In 2002, Musk founded SpaceX, a commercial spacecraft business. After a rocky start, a $1.6 billion contract with NASA launched it properly. In 2015 SpaceX started Starlink, a chain of satellites intended to bring internet services to remote locations, and which has been a major resource for the Ukrainian military in their war with Russia.  

In 2004, Musk invested $6.5 million in Tesla, an electric car startup, and then became CEO and product architect in 2008. This move met criticism from those who argued the electric vehicle market had no future and that the larger automotive market was already heavily saturated. At the time of this writing, Tesla is the 6th most valuable company in the world, just behind Amazon (5th) and ahead of Berkshire Hathaway (7th). In 2016, Musk founded Neuralink, a company intended to explore connections between computer driven artificial intelligence and neuroscience. In 2017, Musk founded the Boring Company, a high-tech tunnel boring business.
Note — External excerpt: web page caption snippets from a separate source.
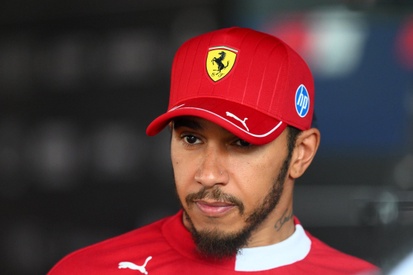 images-amp-0rGX4md2-s2-lewis-hamilton-ferrari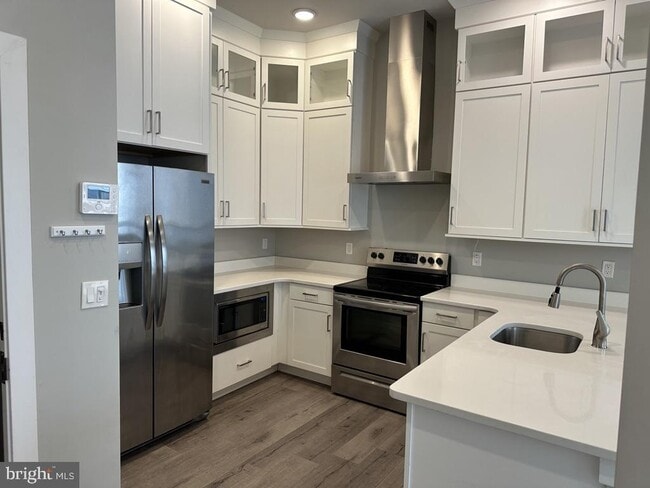 Building Photo - 907 Leland St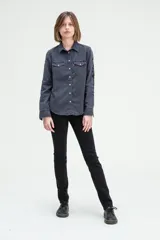 Pantalón de jean negro, corte slim straight, tiro alto.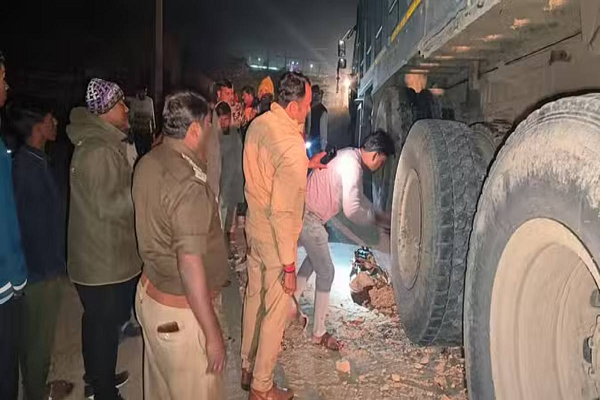 ऐसी खौफनाक मौत&hellip; बाइक सवार को डंपर ने मारी ठोकर, फिर 8 किलोमीटर तक घिसटता रहा युवक, कई टुकड़ों में बंटा शव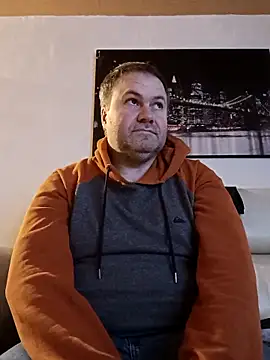 Snapshot of Pourleplasirs chatting on February 19, 2025, 10:20 pm Pourleplasirs online show from February 19, 2025, 10:20 pm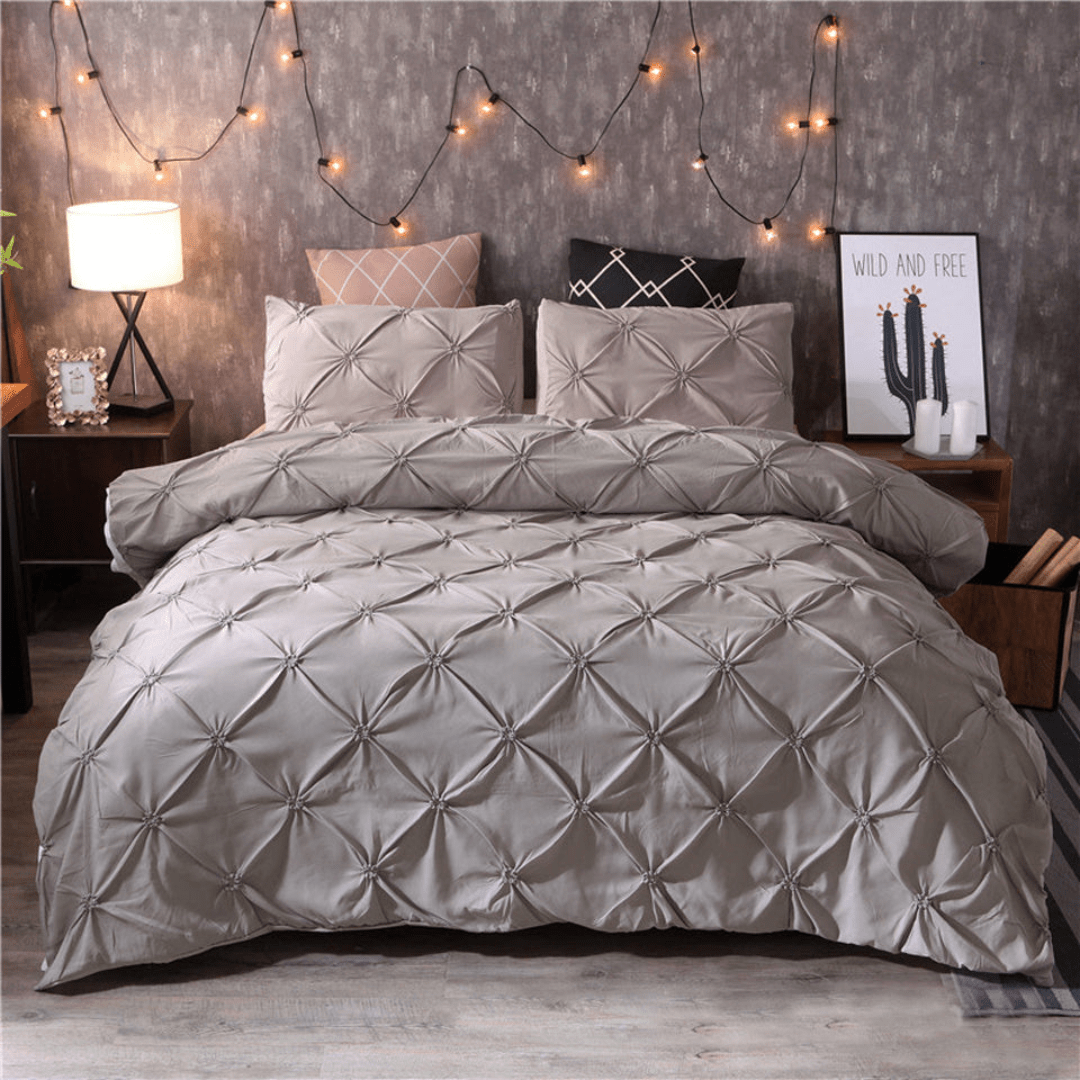 Elegant Cotton Bedding Set - Breathable Duvet Covers for Year-Round Comfort 4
In 2017, Musk expressed interest in buying Twitter, his favorite on-line messaging platform, widely regarded as a valuable but poorly managed business. In 2022, Musk completed the purchase of Twitter amidst huge fanfare and business news chatter. 

Although it is too early to tell how Twitter will perform under Musk’s leadership, we see here an astonishing series of large-scale business development successes. This raises the obvious question:  what sort of person is Elon Musk, the world’s richest person? More specifically, what are the psychological keys to his success? 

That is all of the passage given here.